__What to do__.
Copy out each record that follows exactly, and omit any picture you find.
-- Opening Marker --
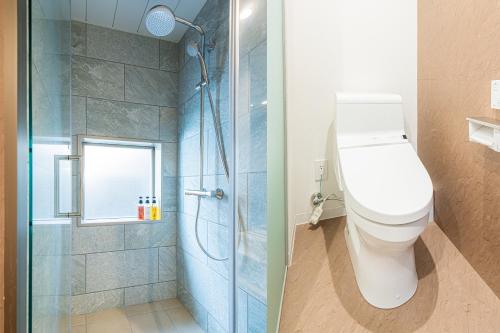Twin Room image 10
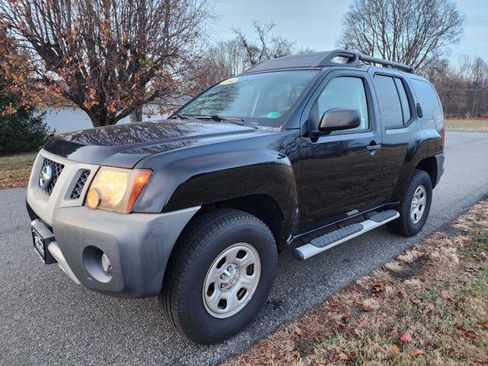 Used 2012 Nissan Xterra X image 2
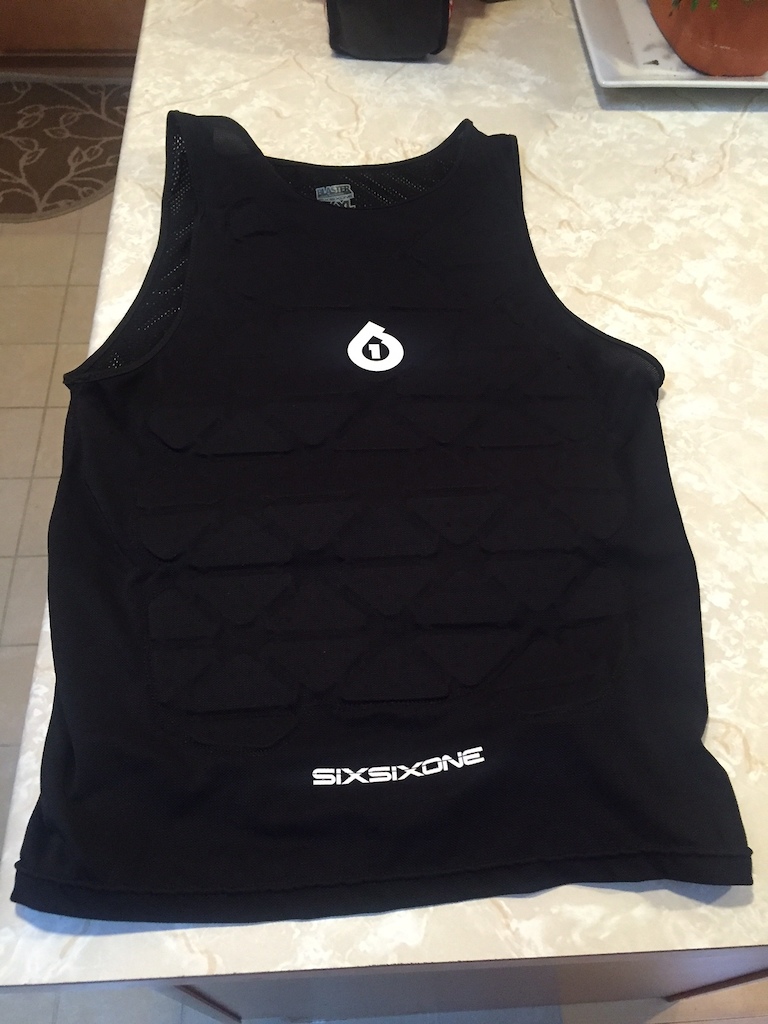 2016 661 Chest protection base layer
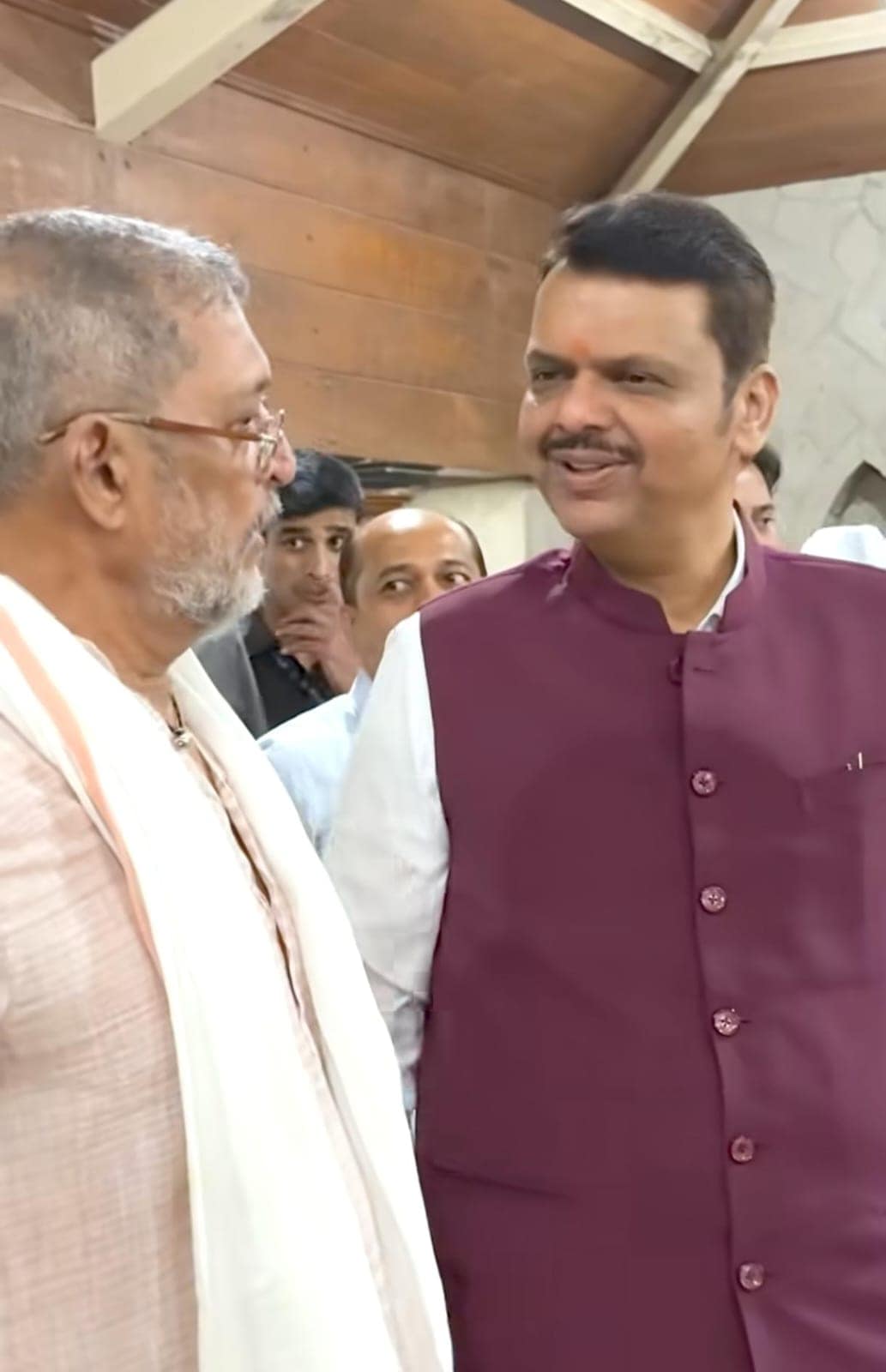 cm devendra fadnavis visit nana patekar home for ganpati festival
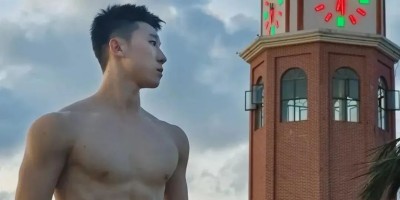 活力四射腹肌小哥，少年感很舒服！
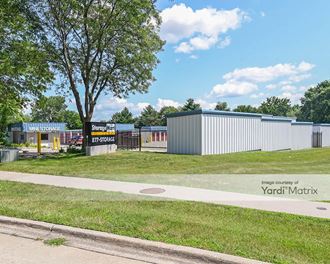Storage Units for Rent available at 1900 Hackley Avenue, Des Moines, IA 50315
-- Closing Marker --
__Response__.
Twin Room image 10
 Used 2012 Nissan Xterra X image 2
 2016 661 Chest protection base layer
 cm devendra fadnavis visit nana patekar home for ganpati festival
 活力四射腹肌小哥，少年感很舒服！
Storage Units for Rent available at 1900 Hackley Avenue, Des Moines, IA 50315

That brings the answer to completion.